THEY were all “part of a nutritious breakfast” once, including some classic Aussie creations. Here’s some of our favourite brekky cereals still going strong and those that are now just a childhood memory.

So many breakfast cereals to choose from.
So many breakfast cereals to choose from.

FOR generations, Australian families have woken to a heaping bowl of cereal every morning.

Over the decades, our cereal tastes have ranged from healthy, to highly efficient sugar delivery systems, and everything in between.

Here’s a snapshot of our $1.2 billion-a-year breakfast cereal industry, the origins of our favourite brekky bowlfuls (including some Australian inventions) and the old brands we’ve left behind.

HOW OUR FAVOURITE FOODS WERE BORN

INSIDE 1930S MELBOURNE SLUMS

Kangaroo brains, parrot pie and roast wombat: the food of Melbourne’s early settlers

PORRIDGE

Before the production of pre-packaged cereals, many Aussie households started the day with porridge.

Plant-based porridges including semolina and tapioca were used, but the most popular porridge was prepared with oats.

Made with milk, water or a combination of the two, all kinds of things were added to this traditional breakfast such as sugar, honey, golden syrup, salt, a knob of butter or some slices of banana to make the otherwise bland bowl of oats pop.

Porridge is still a breakfast staple.
Porridge is still a breakfast staple.

The origins of cereal manufacturer Uncle Tobys can be traced to 1861, when English immigrants Leonard and George Parsons settled in Melbourne began producing John Bull Oats as Parsons Brothers.

Meanwhile, the Uncle Tobys brand emerged in Sydney in 1893 when Clifford Love began supplying Uncle Tobys oats, later swallowing the Parsons’ business.

Today, other grain processors like Lowan and Carman’s are also competing for a spoonful of the oats market.

Along with natural oats, there is a vast range of products for modern people and families on the go. Quick oats — more finely processed than standard rolled oats for fast cooking — come in array of flavours with honey, fruits, nuts, cinnamon or vanilla and are microwavable. Just add water.

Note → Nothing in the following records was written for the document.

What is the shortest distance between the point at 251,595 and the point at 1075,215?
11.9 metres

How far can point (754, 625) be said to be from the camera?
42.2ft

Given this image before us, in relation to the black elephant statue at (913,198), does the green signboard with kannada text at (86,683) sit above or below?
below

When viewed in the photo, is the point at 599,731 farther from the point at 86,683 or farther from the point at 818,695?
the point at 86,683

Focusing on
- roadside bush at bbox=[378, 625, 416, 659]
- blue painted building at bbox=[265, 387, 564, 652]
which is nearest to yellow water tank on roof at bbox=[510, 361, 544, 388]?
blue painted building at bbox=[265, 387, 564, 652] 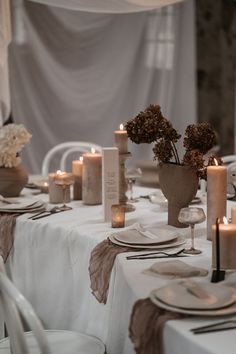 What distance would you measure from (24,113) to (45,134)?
0.77 ft

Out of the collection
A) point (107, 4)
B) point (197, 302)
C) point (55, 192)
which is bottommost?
point (197, 302)

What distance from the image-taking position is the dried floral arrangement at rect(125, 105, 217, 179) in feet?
6.44

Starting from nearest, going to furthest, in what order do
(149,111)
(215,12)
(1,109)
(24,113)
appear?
(149,111), (1,109), (24,113), (215,12)

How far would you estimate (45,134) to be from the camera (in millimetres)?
4637

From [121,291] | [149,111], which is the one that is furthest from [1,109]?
[121,291]

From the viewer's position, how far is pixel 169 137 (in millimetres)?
2027

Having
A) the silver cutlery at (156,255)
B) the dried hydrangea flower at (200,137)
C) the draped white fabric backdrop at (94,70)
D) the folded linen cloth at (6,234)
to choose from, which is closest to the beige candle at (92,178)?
the folded linen cloth at (6,234)

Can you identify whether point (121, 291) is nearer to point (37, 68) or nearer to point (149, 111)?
point (149, 111)

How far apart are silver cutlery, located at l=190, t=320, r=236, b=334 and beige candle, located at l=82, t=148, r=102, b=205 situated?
128 cm

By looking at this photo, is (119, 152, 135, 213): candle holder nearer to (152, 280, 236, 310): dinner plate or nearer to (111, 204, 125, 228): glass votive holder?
Result: (111, 204, 125, 228): glass votive holder

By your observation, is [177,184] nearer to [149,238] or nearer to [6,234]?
[149,238]

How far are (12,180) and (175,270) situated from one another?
1.28 metres

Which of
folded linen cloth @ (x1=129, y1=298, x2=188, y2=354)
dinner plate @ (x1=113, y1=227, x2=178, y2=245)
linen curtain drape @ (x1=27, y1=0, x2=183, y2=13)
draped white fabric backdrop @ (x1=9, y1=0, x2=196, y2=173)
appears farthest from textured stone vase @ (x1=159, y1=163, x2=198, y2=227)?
draped white fabric backdrop @ (x1=9, y1=0, x2=196, y2=173)

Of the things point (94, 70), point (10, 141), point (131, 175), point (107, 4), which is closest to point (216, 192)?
point (131, 175) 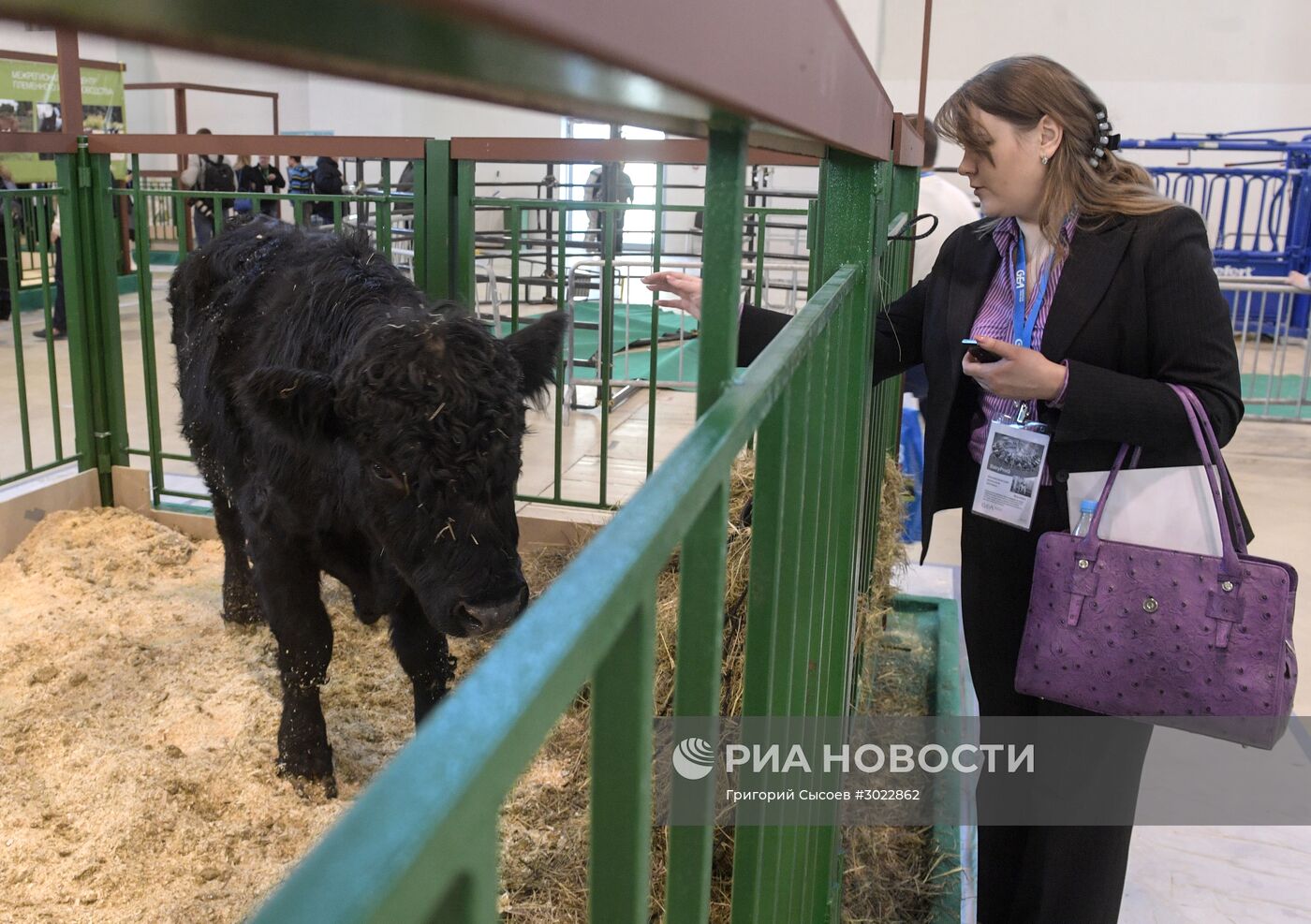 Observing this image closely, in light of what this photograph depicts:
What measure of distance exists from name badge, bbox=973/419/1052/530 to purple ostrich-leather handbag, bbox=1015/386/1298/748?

AUSSIE CLASSICS: WEET-BIX, WEETIES, NUTRI GRAIN

Some of Australia’s most popular cereals have been with us for decades, even in a dynamic and increasingly health conscious market.

Weet-Bix is an Aussie creation. It was first developed by Sydney company Grain Products Limited. They were on a winner with the little whole wheat biscuit, because Sanitarium bought out the firm in 1928. Weet Bix became a national icon as a breakfast food for World War II service personnel, high profile sporting sponsorships and its collection of kids’ swap cards.

Old packaging for Weet-Bix.
Old packaging for Weet-Bix.
An ad for Weeties.
An ad for Weeties.
Aussie-made “Iron man food”.
Aussie-made “Iron man food”.
Another Aussie creation: Weet-Bix.
Another Aussie creation: Weet-Bix.

Weeties were created in Melbourne when bootmaker William Spry, in business with his brother and father in a Clifton Hill boot factory, invested in his factory neighbour Bob Creaser’s fledgling cereal business. Creaser had been to the United States and had seen Kellogg’s producing Corn Flakes and planned the same trick with wheat. Soon, Spry ploughed all his money into cereals, left the boot trade, established Spry’s and Weeties was born. King Willy Weetie is still the cereal’s mascot under Uncle Tobys ownership.

Spry’s also produced Vita Brits in the 1920s.

Shredded Wheats, another Uncle Toby’s product, are large, flat and stringy wheat biscuits. Over the years, similar products came in smaller sizes, some enclosing a fruity jelly filling.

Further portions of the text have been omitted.